Elon Musk: does he fail himself?

Elon Musk: does he fail himself?

Tesla founder Elon Musk joined the retreat of the retreat at the fair.

Is he failing himself? By Sigrid Brandstätter

Tesla boss Elon Musk (Reuters) Image: Reuters

But not now: three weeks ago, the former superstar of the founder, Elon Musk, had alarmed investors and the public: he would take the electric car company Tesla, which he founded. In a tweet the once celebrated as a marketing star stepped on the small sound extraction from the retreat at the fair.

The negative reactions from investors would have prompted him to do so. And the project would have become too great a distraction for Tesla. His bodywork factory for electric cars finally struggles with enormous problems. A few days ago, internal reports leaked to the public, requiring rework on almost all vehicles. Musk responded to critical comments from analysts months ago with thin skin: their questions are "boring" and "not cool".

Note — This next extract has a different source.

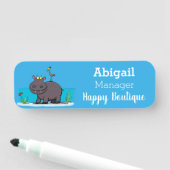 Cute funny hippopotamus with bird cartoon naamplaatje (In situ)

A certain eccentricity of the billionaire has long been accepted by investors. But the ever increasing jumpiness, his arrogance, his nervous corset, all these factors raise the question of his health and whether Musk as Tesla boss is still in the right place.

The visionary, who made his first million and the next with E-Bay with the payment service Paypal, wanted to teach the established car world with fear, wants to build SpaceX Mars missiles with his company and send supersonic people into tubes. Maybe that's a bit too much, even for a self-proclaimed employee: in an interview with the New York Times, the father of five talked about working in nights and nights. He spent his 47th birthday in June at the factory – "No friends, nothing". Also the use of sleeping pills to calm down, gave the native South African.

Ex-journalist Arianna Huffington criticized Musk in an open letter: "You live an outdated, incredibly inefficient way to use human energy." He answered at half past one in the morning: he had no choice.